3.2 Greedy algorithm

As illustrated in the baseline approach, it does not consider the distance between the worker w and remaining tasks. The greedy algorithm aims at reducing useless movements between the worker and tasks. It finds the nearest task in the service range of the worker which refers to the nearest neighbor query [11, 33].

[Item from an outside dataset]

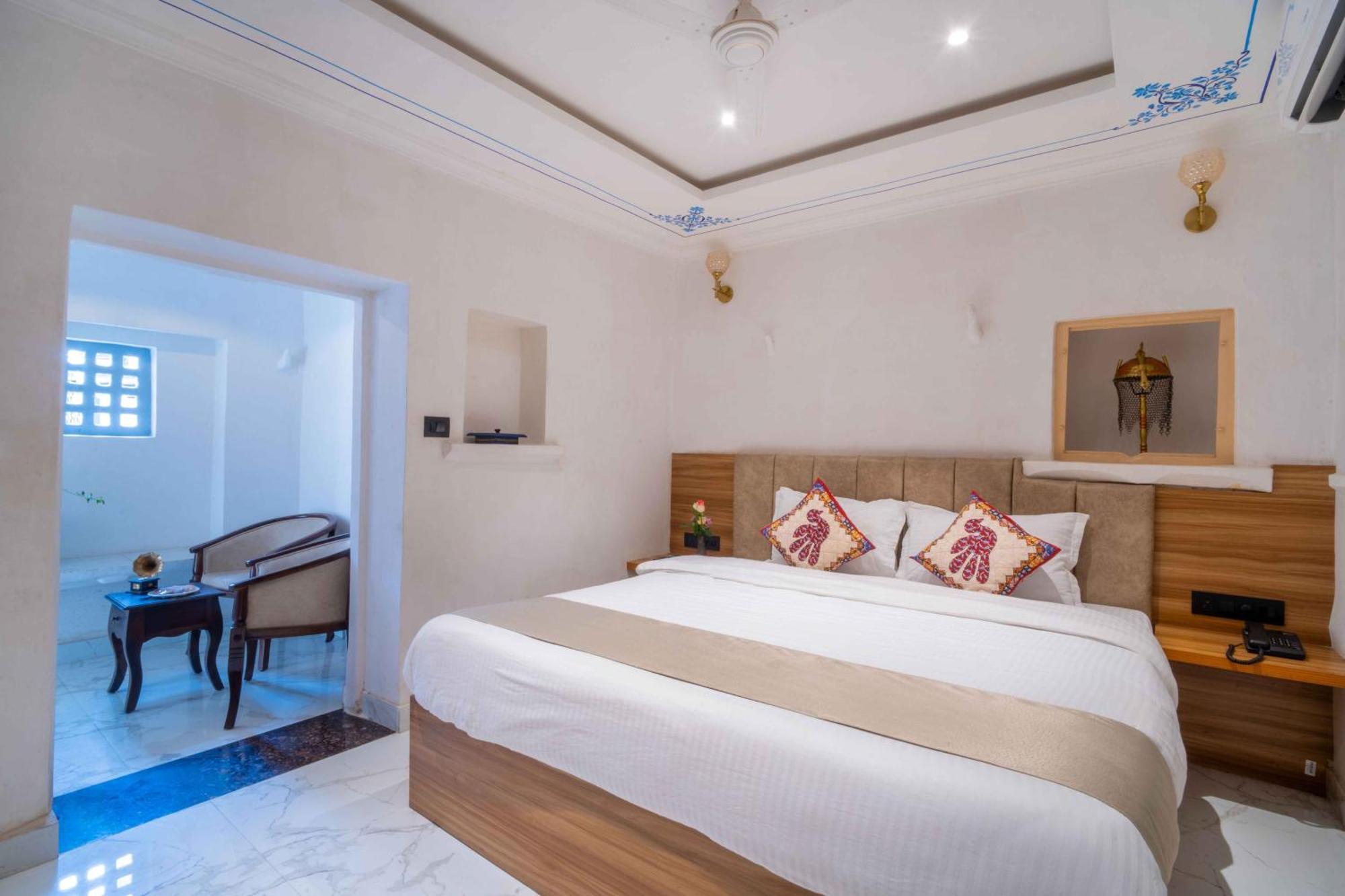 Amoraya Hotel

Algorithm 2 illustrates the procedure of the greedy algorithm. The execution process is similar to the baseline aproach. In lines 3-17, we try to find the valid tasks one by one before the deadline of the worker. In lines 3-4, we check the deadline constraint of the worker. In lines 6-7, we keep on updating the task set T and the system time currentTime. In lines 8-11, we try to set up the set S_candidate which contains tasks satisfy the time constraints. In line 12, if the set S_candidate is empty which means there is no suitable task at that time, he would keep on waiting until there is a new suitable task. In line 15, if the set S_candidate is not empty, the worker will choose the task nearest to he/she in the set S_candidate. The algorithm will end when currentTime exceeds the deadline of the worker.

Example 3

We still consider the scenario in Example 1, the worker w starts to work at location (4,4) and there is a set of tasks T = {t₁,t₂,⋯ ,t₅} with different release times. If the worker w uses the greedy algorithm, he/she would choose the nearest order one by one. First, w would choose task t₁ which is the nearest from he/she. Then when he/she arrives at the destination of task t₁, there is no available task in his/her service area. He/she needs to wait until t₅ is released, and then finishes t₅. There is no more tasks after w finishes task t₅, so this process is finished. In the end, the recommended route for w is t₁ → t₅.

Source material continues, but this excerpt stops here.